> ABOUT THIS TASK:
Output the listing below verbatim, but drop the images.

> DATASET EXCERPT:
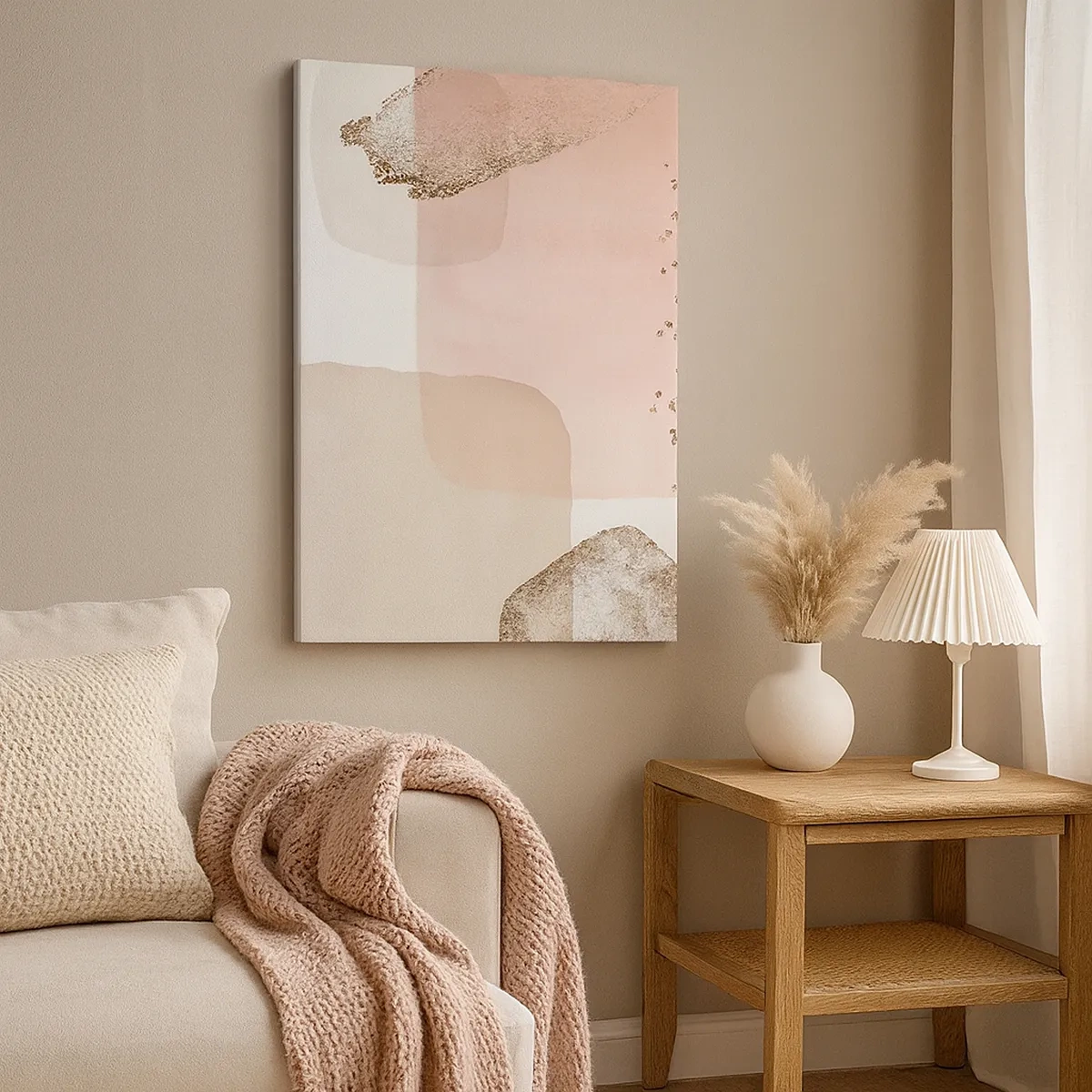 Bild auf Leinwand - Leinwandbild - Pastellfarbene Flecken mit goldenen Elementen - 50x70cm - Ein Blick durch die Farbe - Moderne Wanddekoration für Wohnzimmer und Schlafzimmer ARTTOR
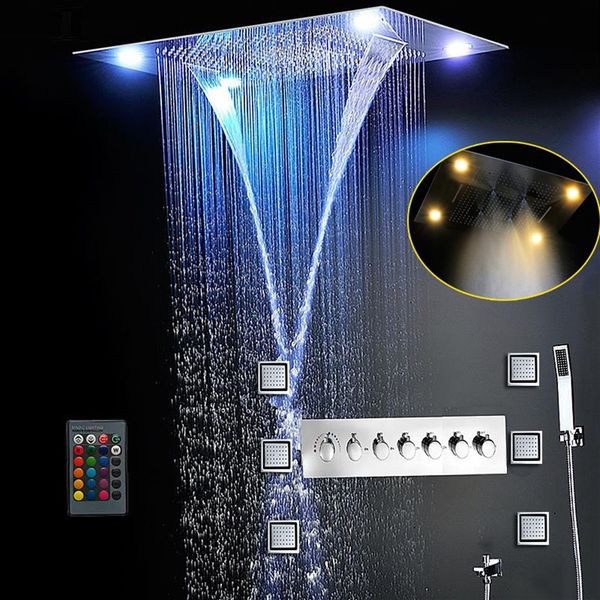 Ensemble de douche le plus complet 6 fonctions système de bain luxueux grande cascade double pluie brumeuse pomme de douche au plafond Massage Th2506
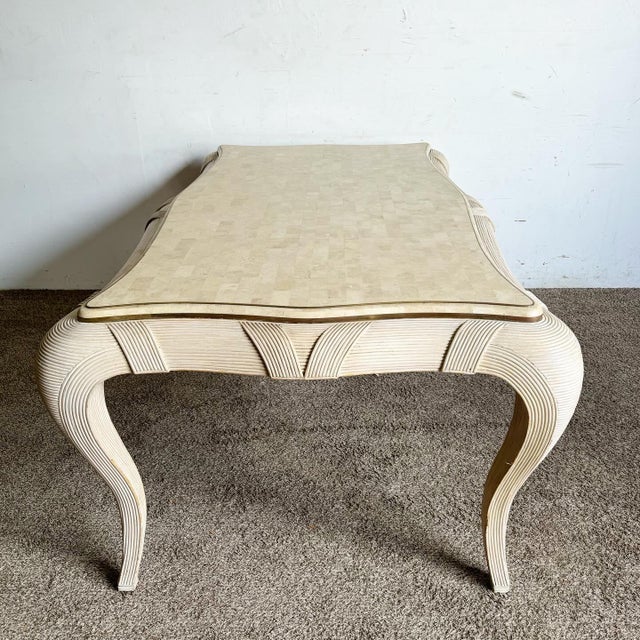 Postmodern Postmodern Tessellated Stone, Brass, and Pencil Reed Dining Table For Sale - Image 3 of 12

> TASK SOLUTION:
 Bild auf Leinwand - Leinwandbild - Pastellfarbene Flecken mit goldenen Elementen - 50x70cm - Ein Blick durch die Farbe - Moderne Wanddekoration für Wohnzimmer und Schlafzimmer ARTTOR
 Ensemble de douche le plus complet 6 fonctions système de bain luxueux grande cascade double pluie brumeuse pomme de douche au plafond Massage Th2506
 Postmodern Postmodern Tessellated Stone, Brass, and Pencil Reed Dining Table For Sale - Image 3 of 12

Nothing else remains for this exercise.